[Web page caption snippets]

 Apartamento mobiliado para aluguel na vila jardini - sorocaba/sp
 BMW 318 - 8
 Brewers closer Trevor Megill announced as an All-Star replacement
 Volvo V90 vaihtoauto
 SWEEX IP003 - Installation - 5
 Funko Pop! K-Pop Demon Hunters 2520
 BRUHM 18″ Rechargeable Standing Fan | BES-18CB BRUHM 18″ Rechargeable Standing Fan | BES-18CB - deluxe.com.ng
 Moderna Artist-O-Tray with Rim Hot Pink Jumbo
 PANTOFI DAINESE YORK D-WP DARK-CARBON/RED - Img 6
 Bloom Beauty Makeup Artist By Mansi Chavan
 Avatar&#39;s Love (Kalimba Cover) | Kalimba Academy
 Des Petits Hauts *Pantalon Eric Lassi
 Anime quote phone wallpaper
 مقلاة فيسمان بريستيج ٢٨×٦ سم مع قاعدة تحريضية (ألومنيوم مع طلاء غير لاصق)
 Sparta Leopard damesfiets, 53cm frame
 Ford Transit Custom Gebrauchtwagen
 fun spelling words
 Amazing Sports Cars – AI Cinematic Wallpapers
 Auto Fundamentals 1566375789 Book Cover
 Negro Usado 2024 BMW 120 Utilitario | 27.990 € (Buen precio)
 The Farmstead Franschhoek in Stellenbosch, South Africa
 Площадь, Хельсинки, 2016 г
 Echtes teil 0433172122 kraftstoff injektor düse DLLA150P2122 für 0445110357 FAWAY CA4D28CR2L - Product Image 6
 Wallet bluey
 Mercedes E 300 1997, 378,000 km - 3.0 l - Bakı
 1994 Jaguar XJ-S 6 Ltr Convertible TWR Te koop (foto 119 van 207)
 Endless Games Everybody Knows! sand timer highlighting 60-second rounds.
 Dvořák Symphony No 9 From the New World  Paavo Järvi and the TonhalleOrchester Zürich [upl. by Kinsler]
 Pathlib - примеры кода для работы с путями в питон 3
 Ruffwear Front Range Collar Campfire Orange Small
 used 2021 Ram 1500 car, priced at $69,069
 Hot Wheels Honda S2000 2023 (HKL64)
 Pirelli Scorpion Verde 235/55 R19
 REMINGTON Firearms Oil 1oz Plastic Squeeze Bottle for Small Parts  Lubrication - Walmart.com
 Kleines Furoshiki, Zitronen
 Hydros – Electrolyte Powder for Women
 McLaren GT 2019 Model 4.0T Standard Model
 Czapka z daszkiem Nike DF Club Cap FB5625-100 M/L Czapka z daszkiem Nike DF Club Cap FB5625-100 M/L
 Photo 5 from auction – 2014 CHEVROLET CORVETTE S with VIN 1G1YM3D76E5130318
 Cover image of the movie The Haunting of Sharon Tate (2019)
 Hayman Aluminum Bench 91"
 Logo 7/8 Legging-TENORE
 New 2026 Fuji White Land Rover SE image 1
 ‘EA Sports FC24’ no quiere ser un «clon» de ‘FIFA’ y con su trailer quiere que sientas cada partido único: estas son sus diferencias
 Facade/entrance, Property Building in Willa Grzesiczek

## Task details
Reprint the entries above in full, exactly as they are.

## Exercise solution
 Apartamento mobiliado para aluguel na vila jardini - sorocaba/sp
 BMW 318 - 8
 Brewers closer Trevor Megill announced as an All-Star replacement
 Volvo V90 vaihtoauto
 SWEEX IP003 - Installation - 5
 Funko Pop! K-Pop Demon Hunters 2520
 BRUHM 18″ Rechargeable Standing Fan | BES-18CB BRUHM 18″ Rechargeable Standing Fan | BES-18CB - deluxe.com.ng
 Moderna Artist-O-Tray with Rim Hot Pink Jumbo
 PANTOFI DAINESE YORK D-WP DARK-CARBON/RED - Img 6
 Bloom Beauty Makeup Artist By Mansi Chavan
 Avatar&#39;s Love (Kalimba Cover) | Kalimba Academy
 Des Petits Hauts *Pantalon Eric Lassi
 Anime quote phone wallpaper
 مقلاة فيسمان بريستيج ٢٨×٦ سم مع قاعدة تحريضية (ألومنيوم مع طلاء غير لاصق)
 Sparta Leopard damesfiets, 53cm frame
 Ford Transit Custom Gebrauchtwagen
 fun spelling words
 Amazing Sports Cars – AI Cinematic Wallpapers
 Auto Fundamentals 1566375789 Book Cover
 Negro Usado 2024 BMW 120 Utilitario | 27.990 € (Buen precio)
 The Farmstead Franschhoek in Stellenbosch, South Africa
 Площадь, Хельсинки, 2016 г
 Echtes teil 0433172122 kraftstoff injektor düse DLLA150P2122 für 0445110357 FAWAY CA4D28CR2L - Product Image 6
 Wallet bluey
 Mercedes E 300 1997, 378,000 km - 3.0 l - Bakı
 1994 Jaguar XJ-S 6 Ltr Convertible TWR Te koop (foto 119 van 207)
 Endless Games Everybody Knows! sand timer highlighting 60-second rounds.
 Dvořák Symphony No 9 From the New World  Paavo Järvi and the TonhalleOrchester Zürich [upl. by Kinsler]
 Pathlib - примеры кода для работы с путями в питон 3
 Ruffwear Front Range Collar Campfire Orange Small
 used 2021 Ram 1500 car, priced at $69,069
 Hot Wheels Honda S2000 2023 (HKL64)
 Pirelli Scorpion Verde 235/55 R19
 REMINGTON Firearms Oil 1oz Plastic Squeeze Bottle for Small Parts  Lubrication - Walmart.com
 Kleines Furoshiki, Zitronen
 Hydros – Electrolyte Powder for Women
 McLaren GT 2019 Model 4.0T Standard Model
 Czapka z daszkiem Nike DF Club Cap FB5625-100 M/L Czapka z daszkiem Nike DF Club Cap FB5625-100 M/L
 Photo 5 from auction – 2014 CHEVROLET CORVETTE S with VIN 1G1YM3D76E5130318
 Cover image of the movie The Haunting of Sharon Tate (2019)
 Hayman Aluminum Bench 91"
 Logo 7/8 Legging-TENORE
 New 2026 Fuji White Land Rover SE image 1
 ‘EA Sports FC24’ no quiere ser un «clon» de ‘FIFA’ y con su trailer quiere que sientas cada partido único: estas son sus diferencias
 Facade/entrance, Property Building in Willa Grzesiczek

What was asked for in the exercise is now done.